# INPUT FOR THIS TASK
.....
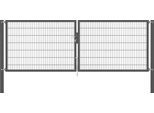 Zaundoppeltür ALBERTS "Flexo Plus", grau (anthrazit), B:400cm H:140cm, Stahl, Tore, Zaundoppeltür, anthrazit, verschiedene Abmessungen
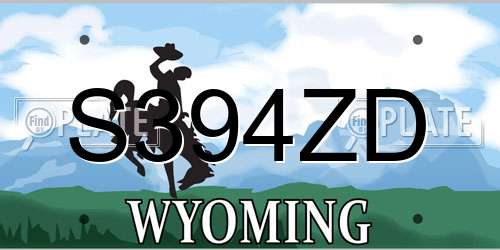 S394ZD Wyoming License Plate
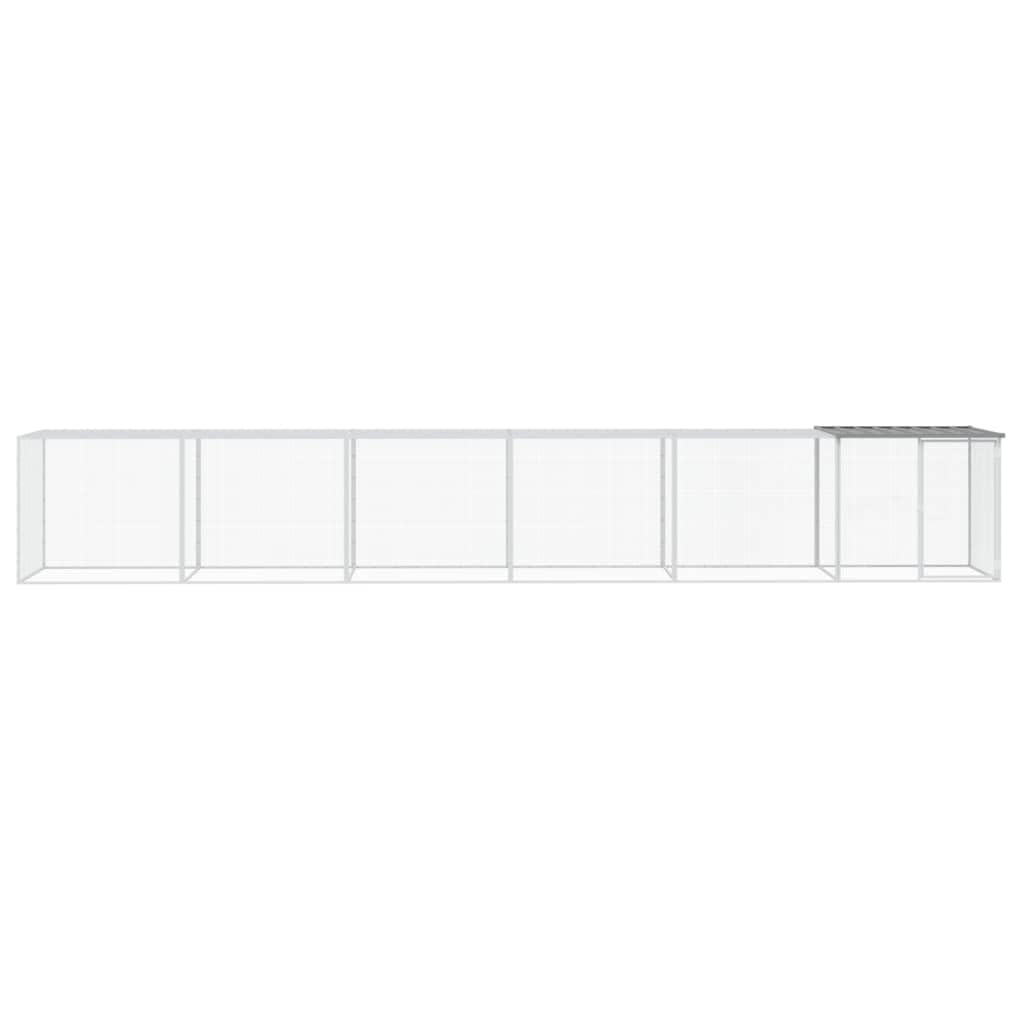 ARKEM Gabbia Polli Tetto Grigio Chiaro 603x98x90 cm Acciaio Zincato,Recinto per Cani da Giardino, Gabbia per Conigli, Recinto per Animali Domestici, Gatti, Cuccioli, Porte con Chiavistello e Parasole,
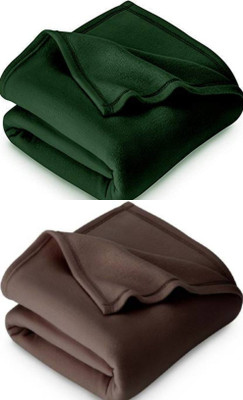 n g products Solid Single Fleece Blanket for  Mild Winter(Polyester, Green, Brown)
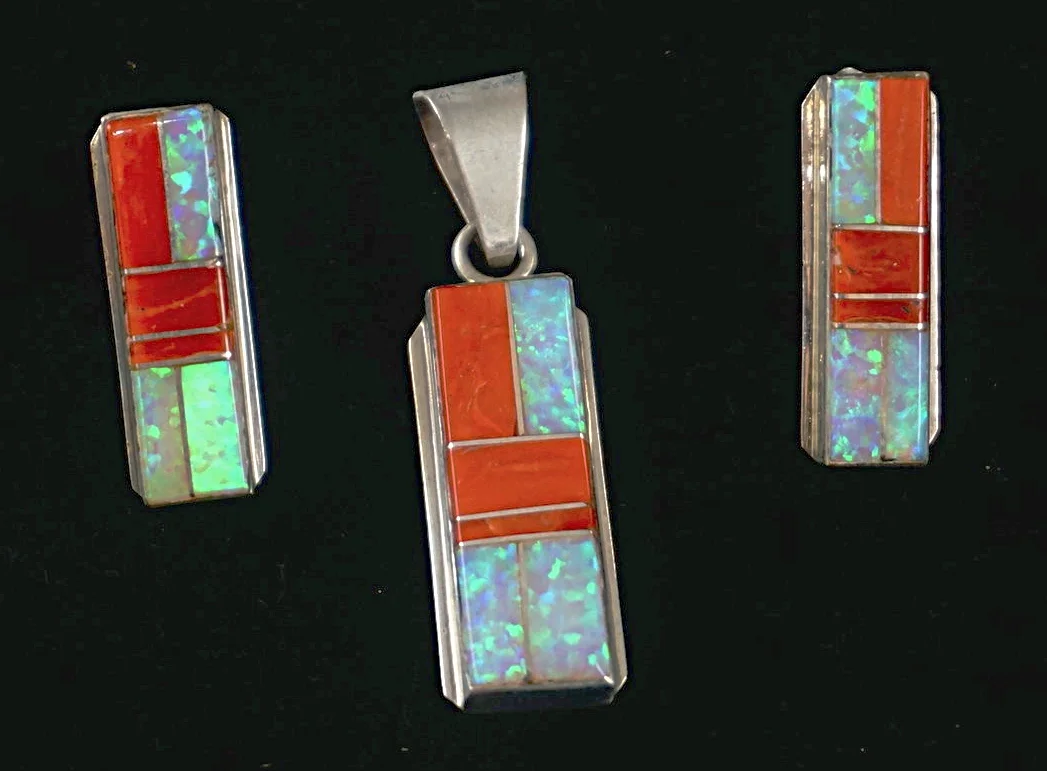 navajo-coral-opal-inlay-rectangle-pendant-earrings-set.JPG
.....
# WORK TASK
Please print the span that begins at the line holding "S394ZD Wyoming License Plate" and ends at the last line of the data, both ends included, with no pictures.

# WRITTEN RESPONSE
 S394ZD Wyoming License Plate
 ARKEM Gabbia Polli Tetto Grigio Chiaro 603x98x90 cm Acciaio Zincato,Recinto per Cani da Giardino, Gabbia per Conigli, Recinto per Animali Domestici, Gatti, Cuccioli, Porte con Chiavistello e Parasole,
 n g products Solid Single Fleece Blanket for  Mild Winter(Polyester, Green, Brown)
 navajo-coral-opal-inlay-rectangle-pendant-earrings-set.JPG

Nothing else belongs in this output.